**** Dataset extract

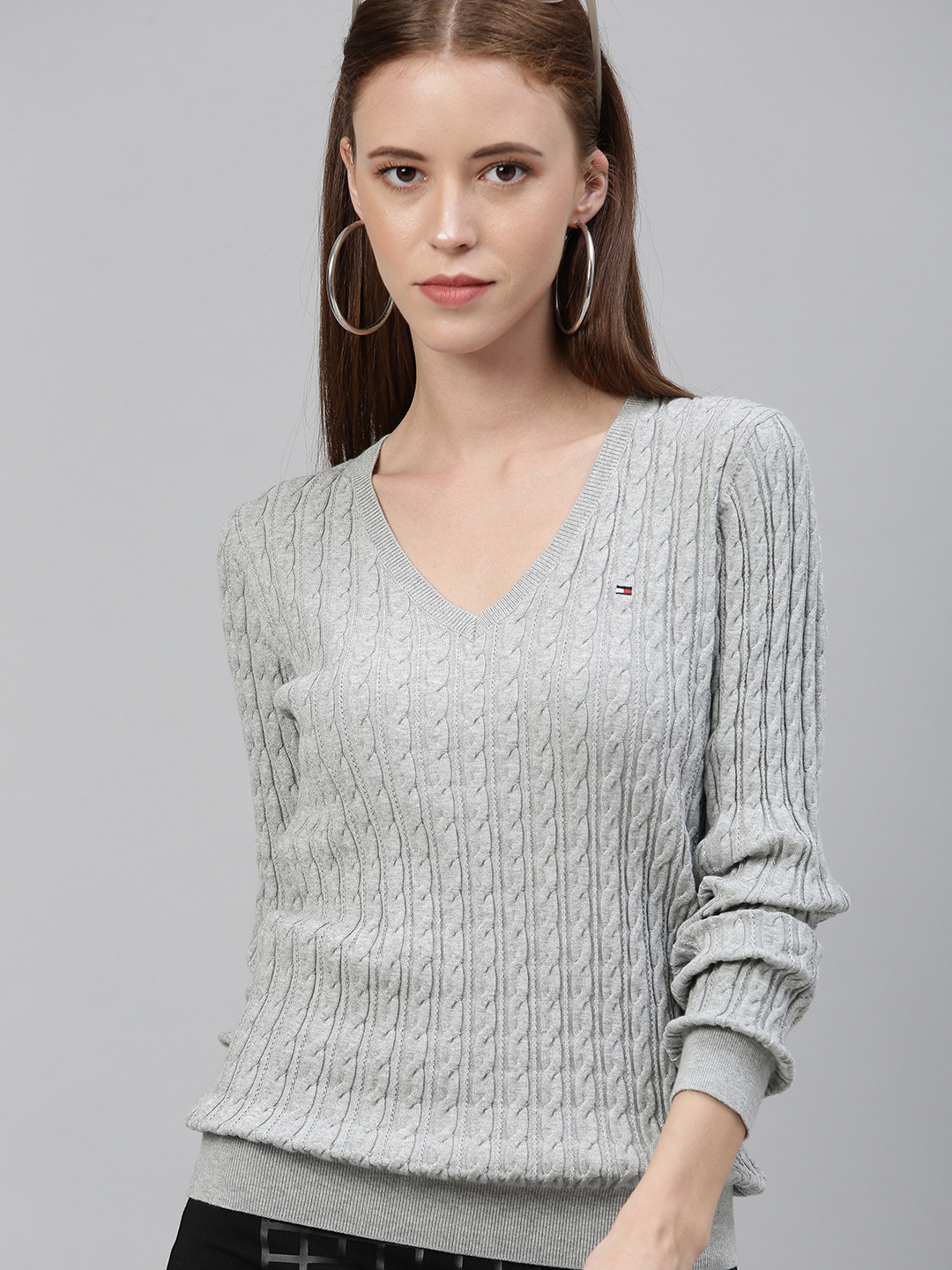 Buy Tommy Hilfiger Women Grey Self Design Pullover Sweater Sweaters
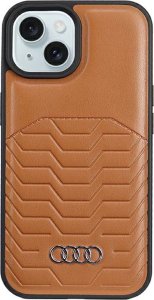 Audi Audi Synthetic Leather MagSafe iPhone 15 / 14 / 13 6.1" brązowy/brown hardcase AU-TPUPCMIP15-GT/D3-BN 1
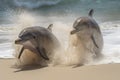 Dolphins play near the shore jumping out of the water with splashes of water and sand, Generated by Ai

********

## Task
Copy the material above word for word, images excluded.

## Written reply
 Buy Tommy Hilfiger Women Grey Self Design Pullover Sweater Sweaters
 Audi Audi Synthetic Leather MagSafe iPhone 15 / 14 / 13 6.1" brązowy/brown hardcase AU-TPUPCMIP15-GT/D3-BN 1
 Dolphins play near the shore jumping out of the water with splashes of water and sand, Generated by Ai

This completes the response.